Could you please explain all the parameters for GridSearchCV?
GridSearchCV(estimator, param_grid, scoring=None, n_jobs=None, iid=’warn’, refit=True, cv=’warn’, verbose=0, pre_dispatch=‘2*n_jobs’, error_score=’raise-deprecating’, return_train_score=False)
- a) estimator: This takes in the ML model e.g. logreg = LogisticRegression(), then estimator will be logreg.

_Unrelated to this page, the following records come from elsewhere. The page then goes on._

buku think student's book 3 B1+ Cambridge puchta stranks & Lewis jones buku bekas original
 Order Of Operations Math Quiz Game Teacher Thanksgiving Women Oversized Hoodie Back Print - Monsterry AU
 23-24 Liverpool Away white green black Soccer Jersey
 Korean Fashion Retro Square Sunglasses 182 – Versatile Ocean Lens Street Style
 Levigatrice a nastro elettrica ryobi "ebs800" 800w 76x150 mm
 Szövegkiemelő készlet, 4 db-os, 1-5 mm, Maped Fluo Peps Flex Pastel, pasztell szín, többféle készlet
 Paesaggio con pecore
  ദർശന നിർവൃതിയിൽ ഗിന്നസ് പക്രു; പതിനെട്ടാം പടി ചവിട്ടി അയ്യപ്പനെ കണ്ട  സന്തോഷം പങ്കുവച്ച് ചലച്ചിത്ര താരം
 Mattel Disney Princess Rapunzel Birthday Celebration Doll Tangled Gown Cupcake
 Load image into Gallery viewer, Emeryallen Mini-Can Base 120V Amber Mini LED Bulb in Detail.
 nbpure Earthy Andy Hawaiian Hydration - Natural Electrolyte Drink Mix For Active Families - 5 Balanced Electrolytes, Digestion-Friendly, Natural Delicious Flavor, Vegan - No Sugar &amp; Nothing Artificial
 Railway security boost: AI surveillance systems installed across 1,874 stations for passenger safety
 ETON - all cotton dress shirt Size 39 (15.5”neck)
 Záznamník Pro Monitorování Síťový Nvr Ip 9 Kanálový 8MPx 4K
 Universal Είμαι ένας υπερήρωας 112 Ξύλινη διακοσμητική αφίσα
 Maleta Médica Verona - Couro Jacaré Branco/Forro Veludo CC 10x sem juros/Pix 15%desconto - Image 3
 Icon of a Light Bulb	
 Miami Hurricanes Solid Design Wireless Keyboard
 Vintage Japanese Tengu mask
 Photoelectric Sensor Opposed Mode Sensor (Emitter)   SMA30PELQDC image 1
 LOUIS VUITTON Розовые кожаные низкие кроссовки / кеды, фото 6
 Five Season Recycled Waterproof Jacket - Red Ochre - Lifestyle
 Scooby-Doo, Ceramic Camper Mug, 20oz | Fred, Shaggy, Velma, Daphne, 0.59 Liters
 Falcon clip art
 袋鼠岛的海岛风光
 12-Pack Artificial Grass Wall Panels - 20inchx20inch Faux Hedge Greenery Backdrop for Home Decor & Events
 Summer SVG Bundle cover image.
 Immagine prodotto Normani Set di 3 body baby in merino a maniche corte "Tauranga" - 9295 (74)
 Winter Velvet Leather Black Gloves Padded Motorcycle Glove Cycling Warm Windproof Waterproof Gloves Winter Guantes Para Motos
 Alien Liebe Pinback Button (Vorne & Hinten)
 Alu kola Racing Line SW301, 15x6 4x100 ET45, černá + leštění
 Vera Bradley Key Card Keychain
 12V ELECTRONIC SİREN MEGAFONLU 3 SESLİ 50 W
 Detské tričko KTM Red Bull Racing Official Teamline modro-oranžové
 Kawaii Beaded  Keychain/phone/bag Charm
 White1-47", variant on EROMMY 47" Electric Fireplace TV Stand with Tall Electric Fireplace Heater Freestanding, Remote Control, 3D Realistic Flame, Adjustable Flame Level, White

- b) param_grid: This takes in a dictionary with parameter names (string) as keys and lists of parameter settings to try as values, or a list of such dictionaries, in which case the grids spanned by each dictionary in the list are explored. This enables searching over any sequence of parameter settings. You can try with different ranges of values as this is an experimental process. We dont have fixed range of values for param_grid
- c) scoring: This takes in a single string to evaluate the predictions on the test set. For evaluating multiple metrics, either give a list of (unique) strings or a dict with names as keys and callables as values. eg. scoring='roc_auc' or scoring='r2' or scoring='negative_mean_squared_error' or scoring='accuracy'.
- d) n_jobs: This parameter sets the number of jobs to run in parallel. None means 1. This will depend on the number of cores in the CPU as you can run as many parallel processes as the number of cores in your CPU. To use all the cores of your CPU, set n_jobs=-1.
- e) cv: This parameter determines the cross-validation splitting strategy. It is used to perform KFold Cross-validation on the training data to check for overfitting. The ideal values of cv are 5 or 10 (anyone can be used depending upon the time constraints, 10 will take about twice as much time as 5).
These are the key parameters of the GridSearchCV algorithm and will be enough for every problem.